▸ **RECORDS FOR PROCESSING**
#####

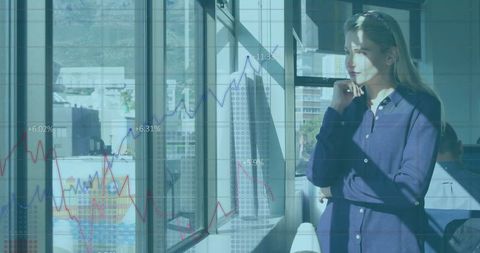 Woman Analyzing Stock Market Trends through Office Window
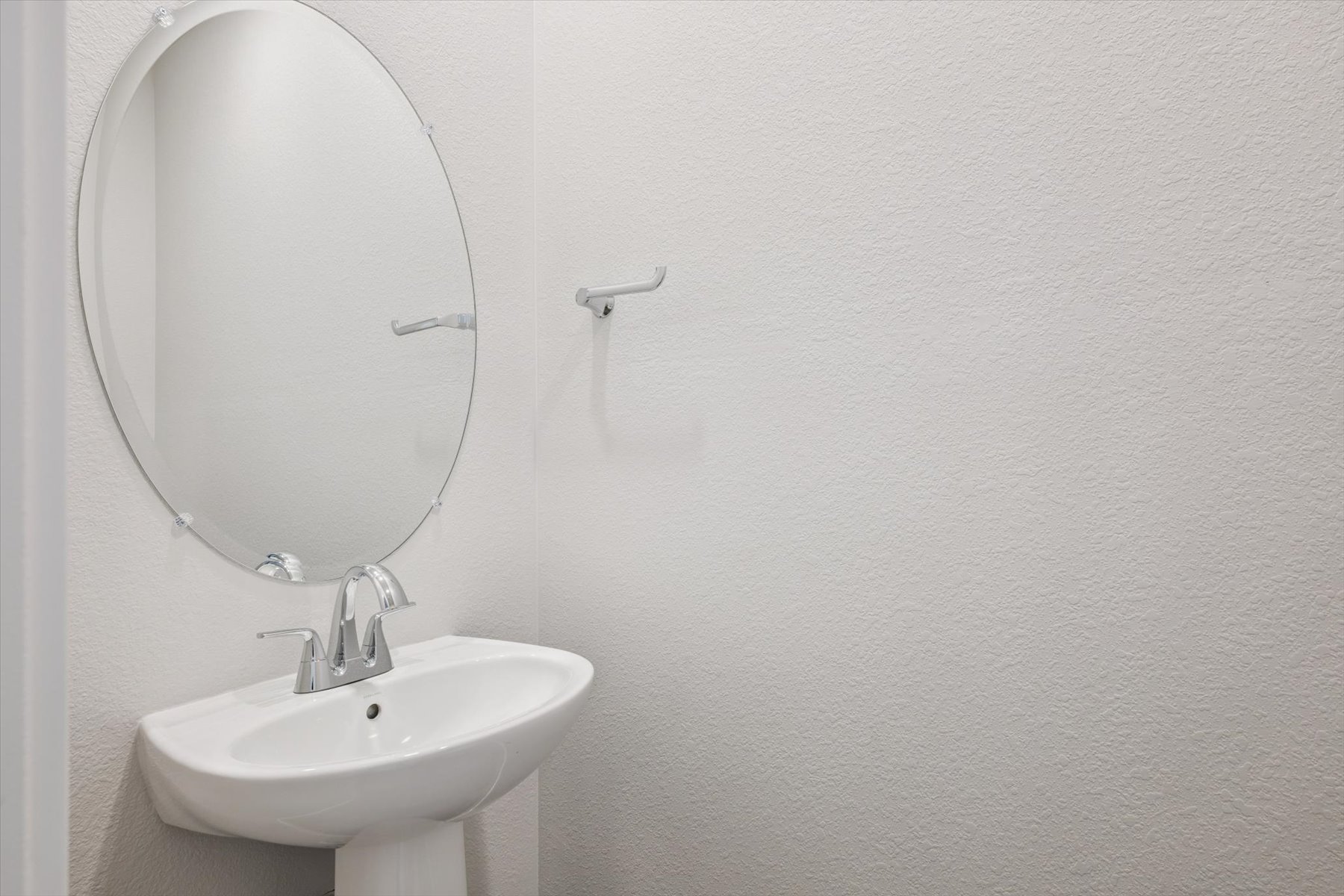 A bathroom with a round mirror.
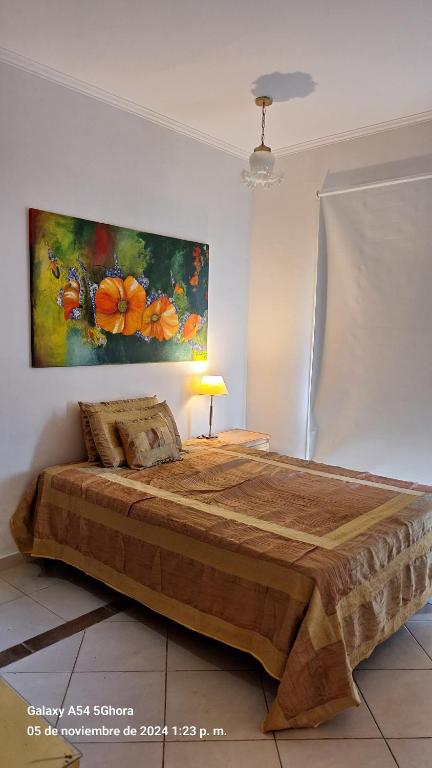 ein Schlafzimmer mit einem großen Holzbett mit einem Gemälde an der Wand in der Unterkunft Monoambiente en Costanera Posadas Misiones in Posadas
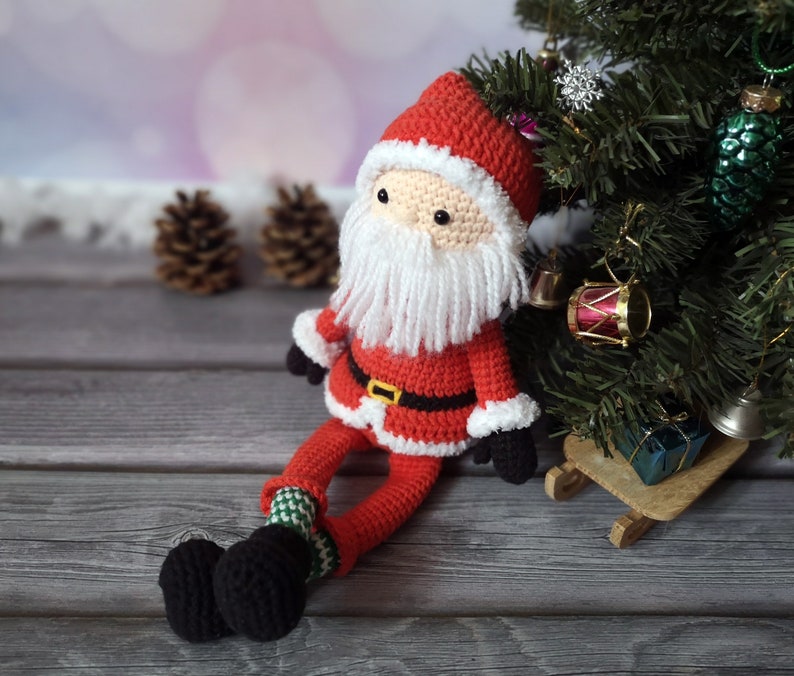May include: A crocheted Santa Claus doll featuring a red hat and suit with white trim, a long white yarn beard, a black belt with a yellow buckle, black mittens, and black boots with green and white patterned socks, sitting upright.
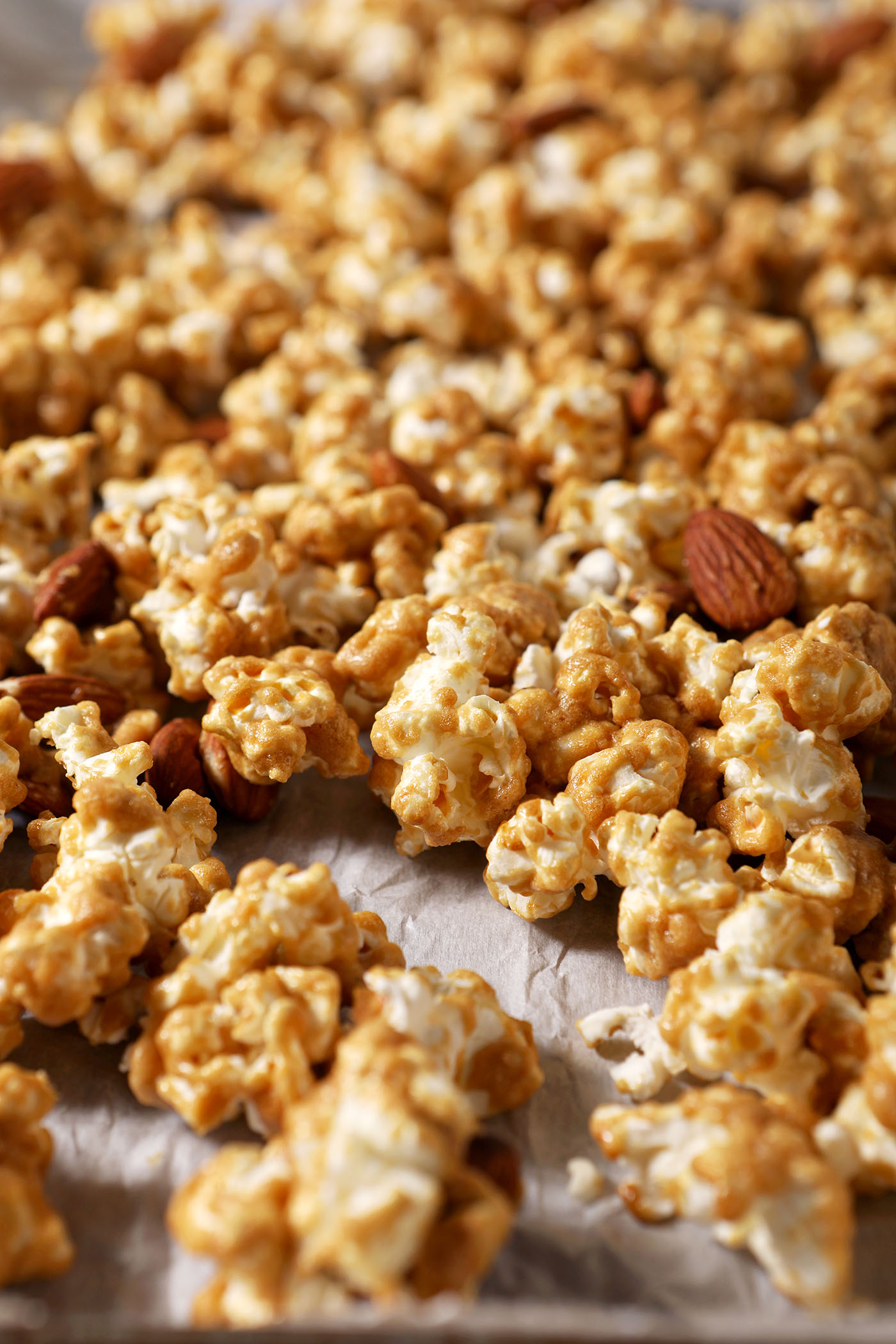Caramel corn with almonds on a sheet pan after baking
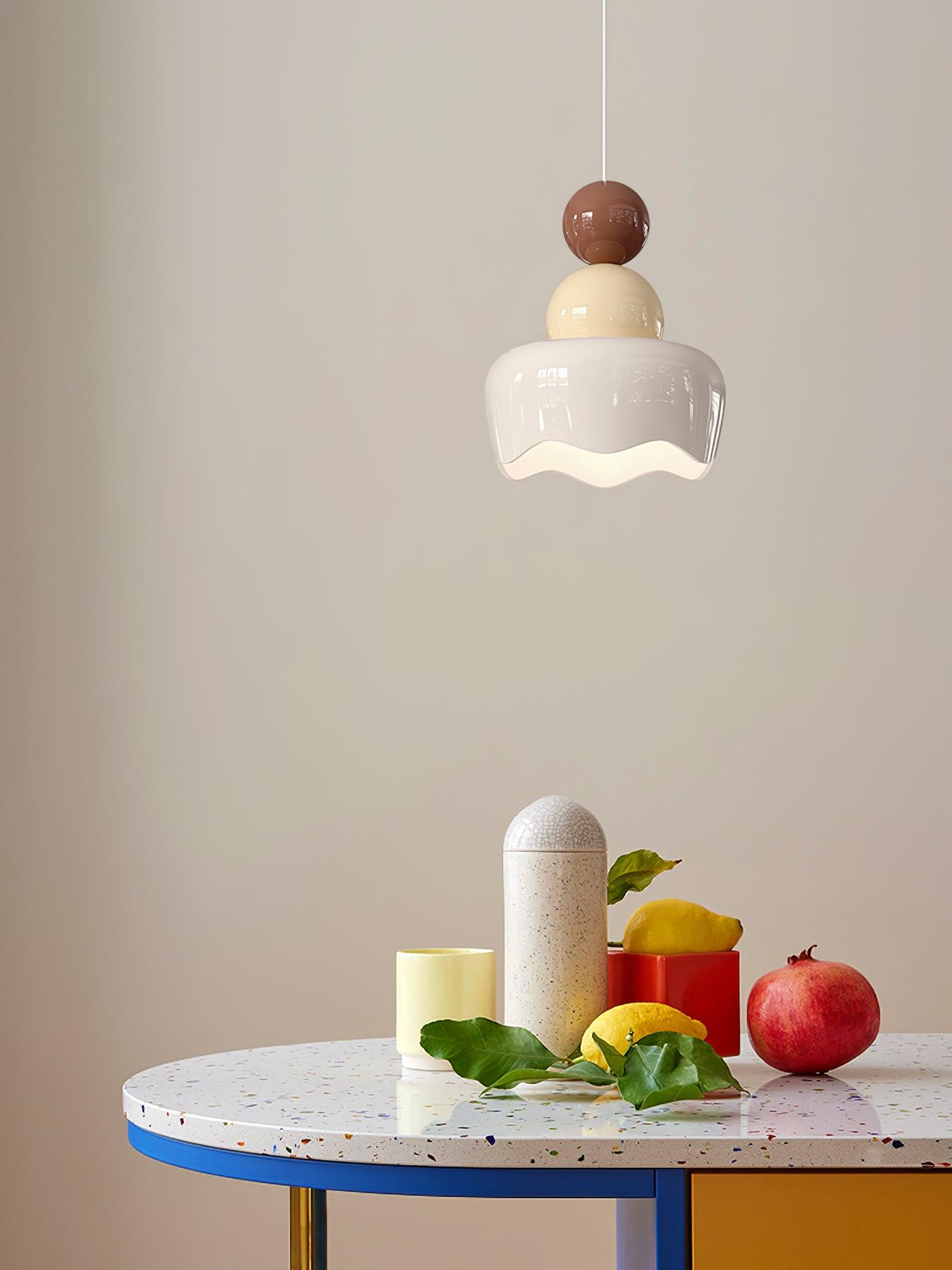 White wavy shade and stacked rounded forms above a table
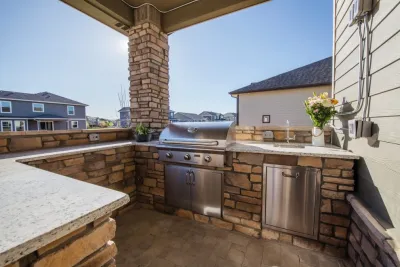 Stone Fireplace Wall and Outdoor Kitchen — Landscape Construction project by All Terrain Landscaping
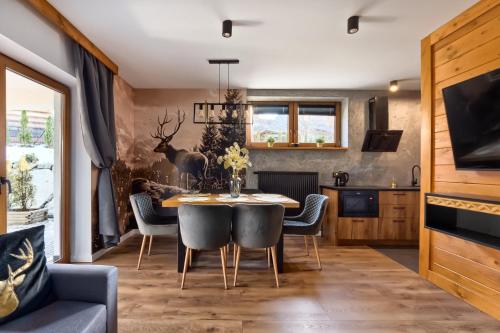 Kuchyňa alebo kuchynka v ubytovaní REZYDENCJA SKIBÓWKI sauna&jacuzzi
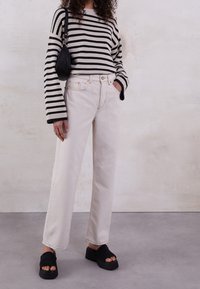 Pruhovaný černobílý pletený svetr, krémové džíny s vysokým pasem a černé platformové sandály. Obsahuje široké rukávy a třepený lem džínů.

#####

Exactly those lines that run from the line holding "Caramel corn with" to the end of the listing above, both included, are to be reproduced, with pictures left out.

▸ **FINISHED EXERCISE**
Caramel corn with almonds on a sheet pan after baking
 White wavy shade and stacked rounded forms above a table
 Stone Fireplace Wall and Outdoor Kitchen — Landscape Construction project by All Terrain Landscaping
 Kuchyňa alebo kuchynka v ubytovaní REZYDENCJA SKIBÓWKI sauna&jacuzzi
 Pruhovaný černobílý pletený svetr, krémové džíny s vysokým pasem a černé platformové sandály. Obsahuje široké rukávy a třepený lem džínů.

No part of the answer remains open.